Yesterday I referenced the tragic events in Connecticut. The day before at the MIT Press I had both Neiman's Evil in Modern Thought. My Christmas reading pile includes Parkins Anthropology of Evil, recently recovered from Daughter. My first ever essay other than those commissioned in school was on the problem of evil – a document and tape I hope never sees the light of day again, I was 17 at the time. Last night I went to see Mayerbeer's Robert Le Diable at the Royal Opera House (the first performance in the UK since 1890), which is about evil redeemed. Now this is not I hope, some novel or unhealthy interest on my part. Thinking about evil is a major part of our intellectual tradition, dealing with its reality an all too frequent practical need. We personify it, we are fascinating by it in oh so many ways; think of the raw sexuality of the vampire genre. For last night's opera the ballet scene where the lascivious dead arise was one of the highlights; see opening picture.

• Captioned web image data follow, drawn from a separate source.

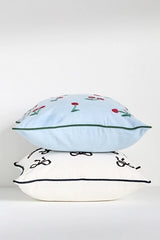 Icon Cotton Embroidered Pillow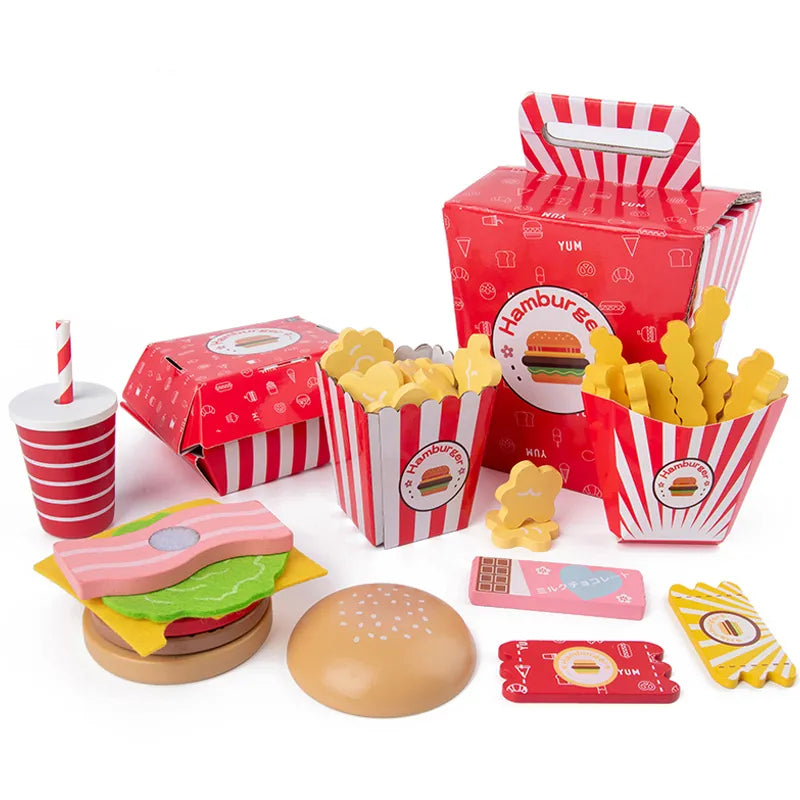 Burgers and Fries Toy Set-0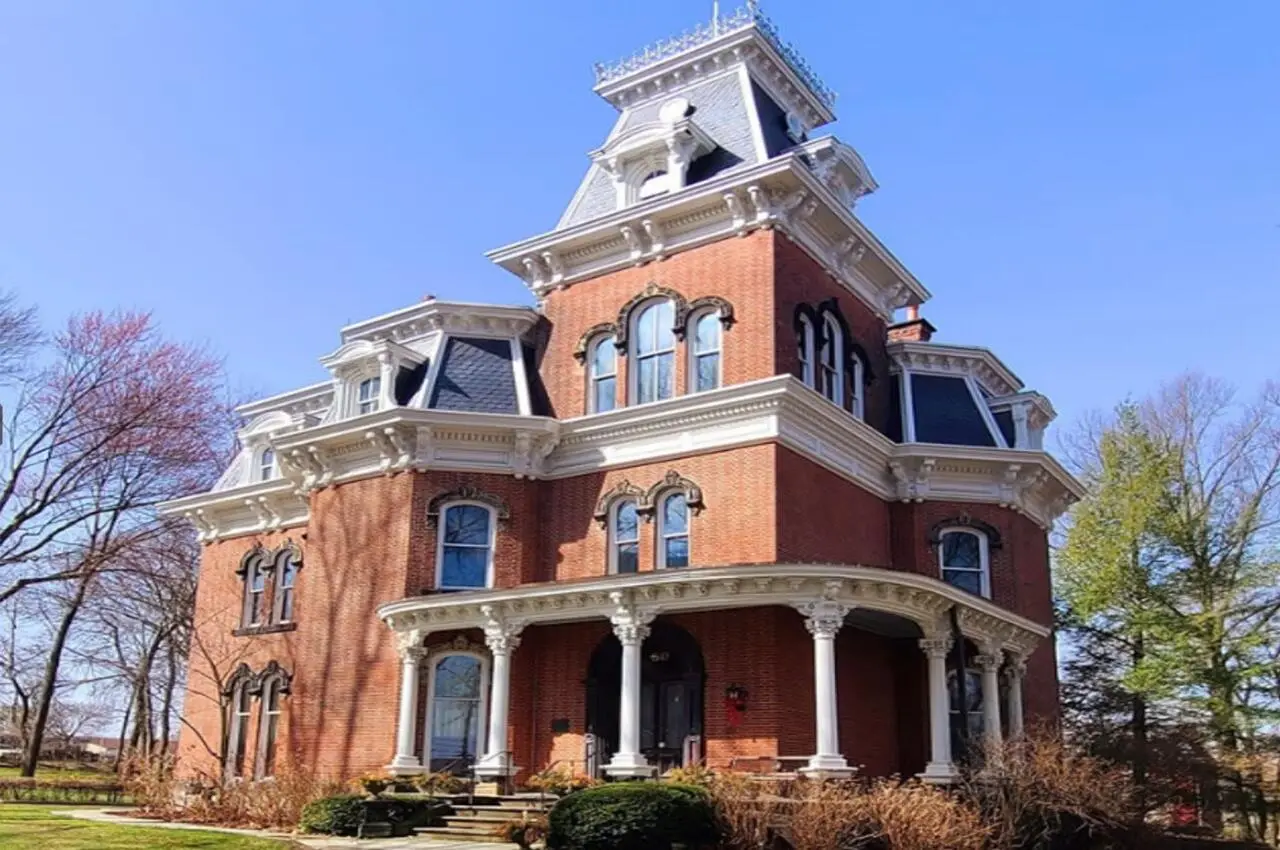 A big mansion from the outside.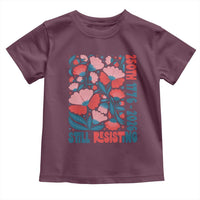 Floral 250th Still Resisting 4th of July 1776 2026 Toddler T Shirt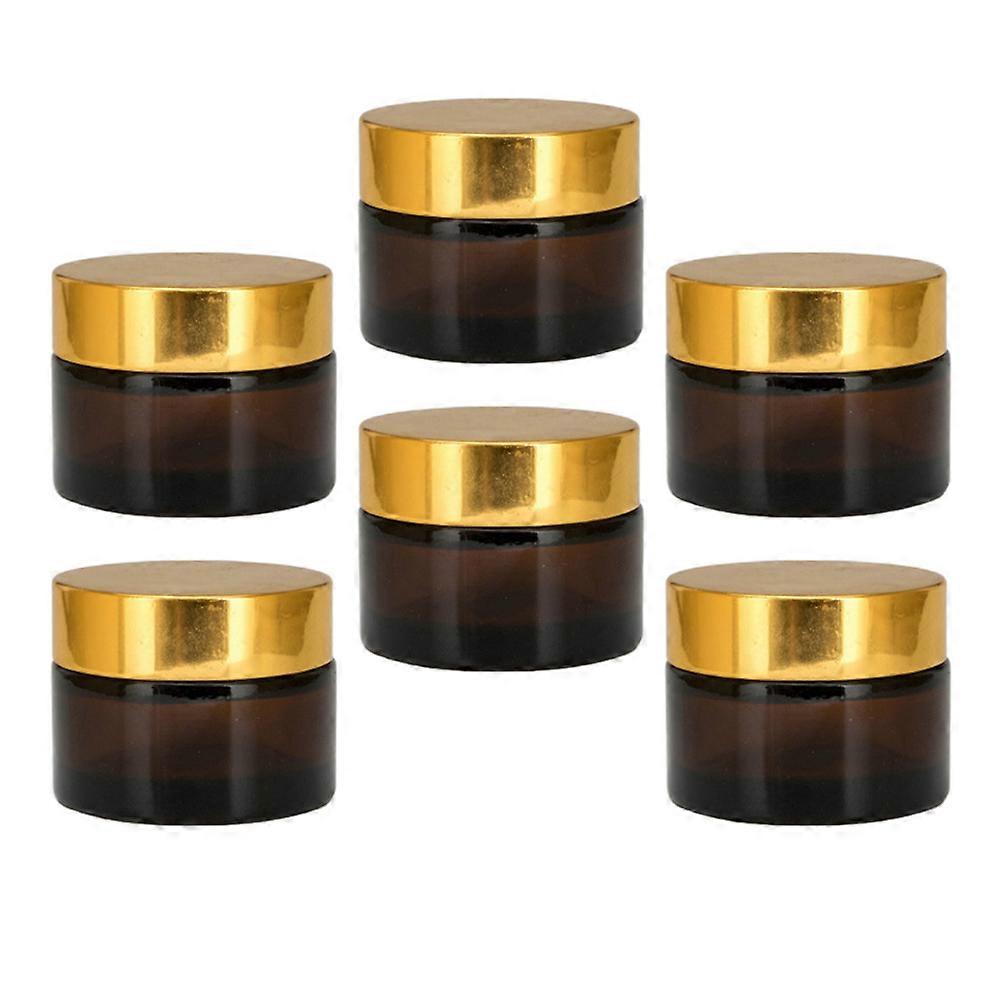 Storage Holder Cream Bottles for Storage 6Pcs Empty Makeup Bottles Glass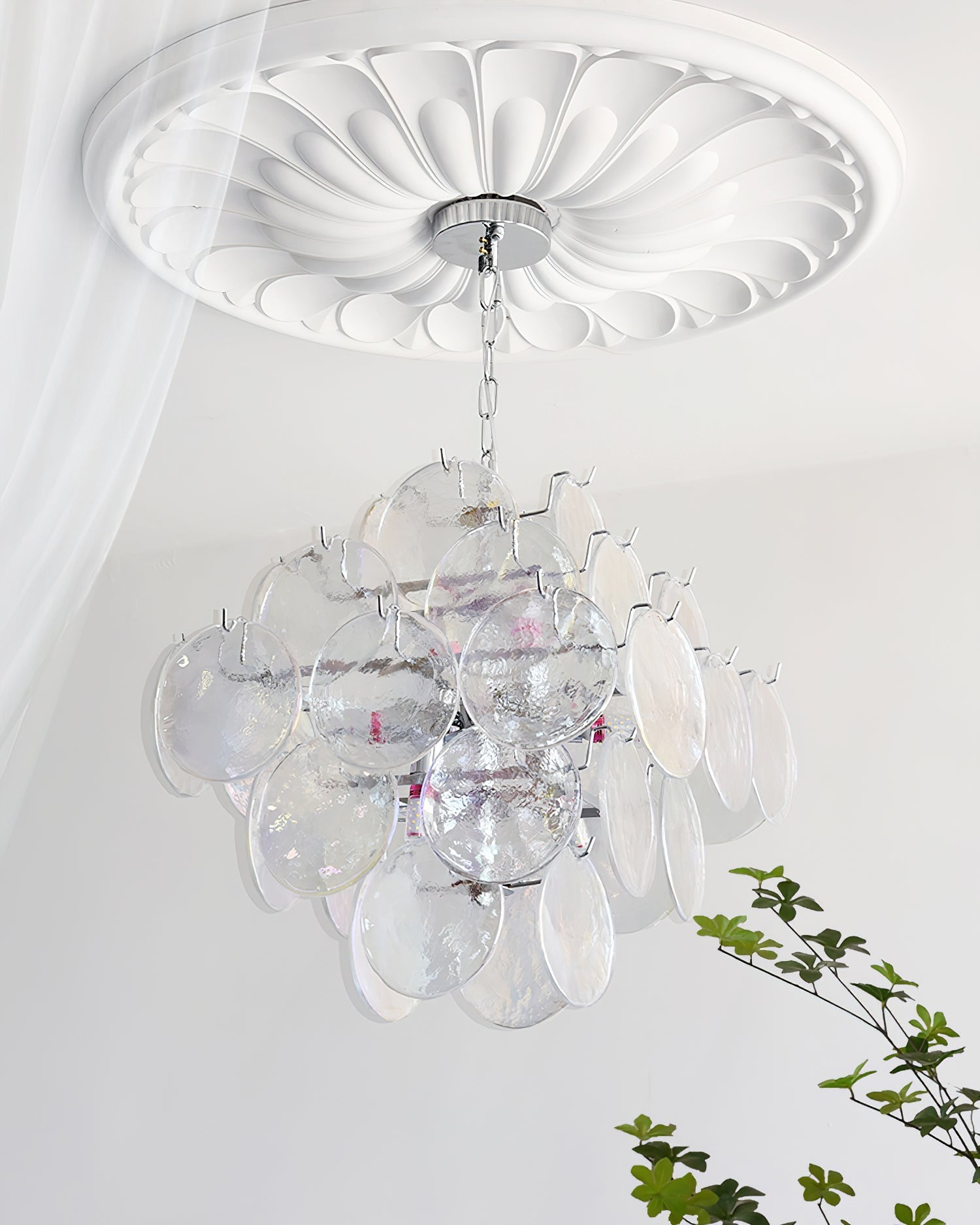 Carmosa Chandelier with Glass Disc Cascade - Letslighting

The minute the opera was announced I booked tickets. Originally I was going Tuesday but the need to fit in a workshop in Bratislava meant I had to move it and the only option was last night, after a red eye. But it was worth it. Meyerbeer was one of the original inspirational points for Wagner. Without him Rienzi would never have been staged in Berlin, but that failure and Wagner's problems with Paris made Mayerbeer a scapegoat and was probably the reason behind the temperamental polemic that has so tainted Wagner's history namely Das Judenthum in der Musik. It is a Grand Opera, and one of the first of that kind. The story picks up on a mediaeval French legend about the father of WIlliam the Conquerer who was supposedly the product of a pact between his mother and the Devil. In the opera his father, sung magnificently by John Relyea, has to secure a pact with his son to stay on earth. He is at the end redeemed, even though of demon stock, by his foster sister and servant Alice (gloriously sung by Marina Poplavskaya) reading a letter from his mother.
Now all of this picks up on the whole mediaeval idea that women being susceptible to the devil as a result of their untamed lusts coupled with noble virgin servant girl and the like. Demons in the Christian tradition are of course fallen angels, and there is must speculation in the history of the Church as to whether some of them were just caught up in the rebellion and may be reprieved. Of course Milton implicitly, and the modern form of Pullman's Dark Materials explicity, suggests a more noble desire for freedom in that rebellion. The lot of demons is of course to suffer and create suffering in tern.
We may claim to be too sophisticated these days for what we see as simplistic mediaeval notions of God and Satan, contracts with the Devil, penance, redemption through loyalty and persistence etc. etc. But its all to easy to forget that the mediaeval mind, in so far as we can know it, saw evil as a day to day aspect of life, a constant temptation to be overcome through a virtuous life. In the modern day we demonise those we do not like. Fox News presents simplistic dichotomies in which the good are so very good and the bad are unredeemable. Their opponents too often fall into the trap and attempt a reverse dichotomy, something I commented on earlier in the year. So maybe, as Christmas approaches, the idea of evil redeemed which is at the heart of the opera is not bad theme.